Core value proposition:

  • Load data with automatic validation
  • Save data with automatic validation
  • No manual validation code required
  • Schema "freezing" on first run prevents silent data drift

Key Features

  • ValidatedDataCatalog - Combines Kedro DataCatalog (I/O) with data validators for seamless validated data pipelines
  • Dual Validator Support - Choose between Great Expectations (GX) or Pandera for schema validation
  • Auto Schema Detection - Automatically generates and enforces schemas on first data load
  • Processing Pipeline - Chainable, reusable data transformation steps
  • Flexible Logging - Unified logging interface with Python logging and Loguru backends
  • Hydra Configuration - YAML-based hierarchical configuration management
  • Cloud Support - AWS, GCP, and Azure data context support for Great Expectations
  • Spark Support - PySpark DataFrame validation (optional)
  • CLI Tools - Scaffold catalog structure with a single command

Installation

Prerequisites

  • Python 3.10 or higher (< 3.14)
  • uv (recommended) or pip

Basic Installation

# Using pip
pip install adc-toolkit

# Using uv (recommended)
uv add adc-toolkit

Optional Dependencies

The toolkit uses optional dependency groups to keep the base installation lightweight. Install only what you need:

Group Description Install Command
kedro Kedro DataCatalog for data I/O uv add adc-toolkit[kedro]
gx Great Expectations validation uv add adc-toolkit[gx]
pandera Pandera validation uv add adc-toolkit[pandera]
eda Exploratory data analysis tools uv add adc-toolkit[eda]
spark PySpark support uv add adc-toolkit[spark]
gcp Google Cloud Platform integration uv add adc-toolkit[gcp]
logging Loguru logging backend uv add adc-toolkit[logging]
preprocessing scikit-learn transformations uv add adc-toolkit[preprocessing]

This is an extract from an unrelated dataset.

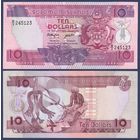 Соломоновы острова, 10 долларов 1986 г., P-15, UNC-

Recommended installation for most use cases:

# Install with Kedro and Great Expectations
uv add adc-toolkit[kedro,gx]

# Or with Kedro and Pandera
uv add adc-toolkit[kedro,pandera]

# Install all optional dependencies
uv add adc-toolkit[kedro,gx,pandera,eda,spark,gcp,logging,preprocessing]

Development Installation

git clone https://github.com/ADC-Consulting/adc-toolkit.git
cd adc-toolkit
uv sync --all-extras

Quick Start

Using the CLI

# Initialize the catalog folder structure
adc-toolkit init-catalog ./config

# This creates:
# config/base/globals.yml
# config/base/catalog.yml
# config/local/credentials.yml

Using Python

from adc_toolkit.data.catalog import ValidatedDataCatalog

# Initialize catalog pointing to your config directory
catalog = ValidatedDataCatalog.in_directory("./config")

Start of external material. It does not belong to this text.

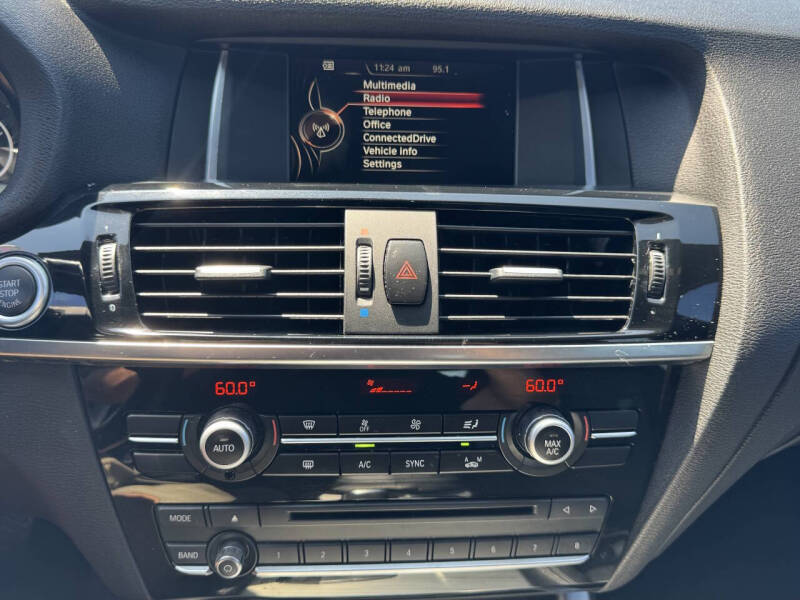 2017 BMW X3 sDrive28i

# Load data with automatic validation
df = catalog.load("my_dataset.raw")

# Save data with automatic validation
catalog.save("my_dataset.processed", df)

Initializing the Catalog

Before using the ValidatedDataCatalog, you need to set up the configuration folder structure.

Required Folder Structure

config/
├── base/
│   ├── globals.yml      # Global variables (bucket paths, dataset types)
│   └── catalog.yml      # Dataset definitions
└── local/
    └── credentials.yml  # Secrets and credentials (gitignored)

Method 1: Using the CLI (Recommended)

# Initialize in current directory
adc-toolkit init-catalog

# Initialize in a specific path
adc-toolkit init-catalog ./config

# Overwrite existing files
adc-toolkit init-catalog ./config --overwrite

# Skip specific files
adc-toolkit init-catalog ./config --no-credentials

Method 2: Using Python

from adc_toolkit.data.catalogs.kedro import KedroDataCatalog

result = KedroDataCatalog.init_catalog(
    "./config",
    overwrite=False,
    include_globals=True,
    include_catalog=True,
    include_credentials=True,
)

print(f"Created {len(result.created_files)} files")
print(f"Skipped {len(result.skipped_files)} files (already exist)")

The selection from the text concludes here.